А может быть, не было и десяти, о том знал бог, а богу вольно было молчать, и со временем, когда прошло много дней и много лет, этот вопрос потерял важность. Потерял прежде всего потому, что, перестав спорить с богом, Иаков постепенно пришел к мнению, что бог вовсе не заставлял его принести в жертву своего Исаака, а что он, Иаков, принес его в жертву по собственному почину. Покуда сильна была первая боль, эта мысль не приходила ему в голову; ему казалось только, что с ним поступили жестоко и несправедливо. Но когда боль утихла, когда горе стало привычным, когда смерть показала свои преимущества, — ведь под ее защитой и в ее лоне вечно семнадцатилетнему Иосифу уже ничто не грозило, — эта мягкая, патетическая душа не на шутку уверовала в свою способность принести авраамовскую жертву. Иаков уверовал в это к чести бога и к своей собственной. Бог не ограбил его, как злодей, не выманивал у него хитростью самого дорогого, он только принял то, что ему сознательно и героически предложили, — самое дорогое. Хотите — верьте, хотите — нет, но Иаков убеждал себя в этом, он твердил себе в угоду своей гордости, что в тот час, когда он проводил Иосифа в Шекем, он совершил заклание Исаака и добровольно, из любви к богу, пожертвовал тем, кого слишком сильно любил. Он не всегда в это верил — сокрушаясь и вновь проливая слезы, он порой признавался себе, что никогда не смог бы для бога оторвать от своего сердца того, кто был ему так дорог. Но желание верить в это иногда побеждало; а разве при таком желании не было более или менее безразлично, кто растерзал Иосифа?

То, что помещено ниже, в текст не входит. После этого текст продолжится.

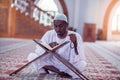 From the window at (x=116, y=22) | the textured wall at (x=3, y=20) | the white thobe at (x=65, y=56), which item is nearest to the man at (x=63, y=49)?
the white thobe at (x=65, y=56)

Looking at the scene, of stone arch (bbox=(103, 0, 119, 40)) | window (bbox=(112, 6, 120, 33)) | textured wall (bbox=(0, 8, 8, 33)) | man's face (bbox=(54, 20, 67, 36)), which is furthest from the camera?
window (bbox=(112, 6, 120, 33))

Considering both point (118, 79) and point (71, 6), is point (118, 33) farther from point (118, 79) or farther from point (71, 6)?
point (118, 79)

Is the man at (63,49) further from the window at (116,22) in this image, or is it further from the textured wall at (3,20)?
the window at (116,22)

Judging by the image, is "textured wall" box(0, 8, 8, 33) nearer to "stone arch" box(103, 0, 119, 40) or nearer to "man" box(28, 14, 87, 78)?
"stone arch" box(103, 0, 119, 40)

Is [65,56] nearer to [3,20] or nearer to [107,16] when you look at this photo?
[3,20]

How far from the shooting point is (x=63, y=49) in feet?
10.6

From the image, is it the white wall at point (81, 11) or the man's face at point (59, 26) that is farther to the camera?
the white wall at point (81, 11)

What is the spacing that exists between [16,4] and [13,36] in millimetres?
1562

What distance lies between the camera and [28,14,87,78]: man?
10.2ft

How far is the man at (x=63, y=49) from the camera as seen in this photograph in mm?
3107

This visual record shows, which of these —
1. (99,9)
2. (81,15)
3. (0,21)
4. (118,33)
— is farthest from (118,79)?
(118,33)

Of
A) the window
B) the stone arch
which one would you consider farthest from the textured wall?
the window

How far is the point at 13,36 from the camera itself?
11898 millimetres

Подозрение — да, конечно, оно все-таки оставалось, оно еще томило, хотя уже слабо и не ежечасно; в позднейшие годы оно порой засыпало и затихало. Жизнь под подозреньем, подозреньем наполовину ложным, сперва представлялась братьям более жалкой, чем она оказалась потом. Отношения их с отцом нельзя было не назвать добрыми. Он беседовал с ними и преломлял с ними хлеб; он принимал участие в их делах, в радостях и заботах их хижин, он глядел на них, и лишь иногда, лишь временами и уже довольно редко мелькала в стариковском его взгляде сопутствующая подозрению неискренность и мрачность, при виде которой они, запинаясь, опускали глаза. Но что из того? Человеку достаточно знать, что к нему питают недоверие, и он уже опускает глаза. Это не всегда означает сознание вины; в этом может выразиться и стыдливая невиновность, и сочувствие к одержимому недоверием. И в конце концов подозрение надоедает.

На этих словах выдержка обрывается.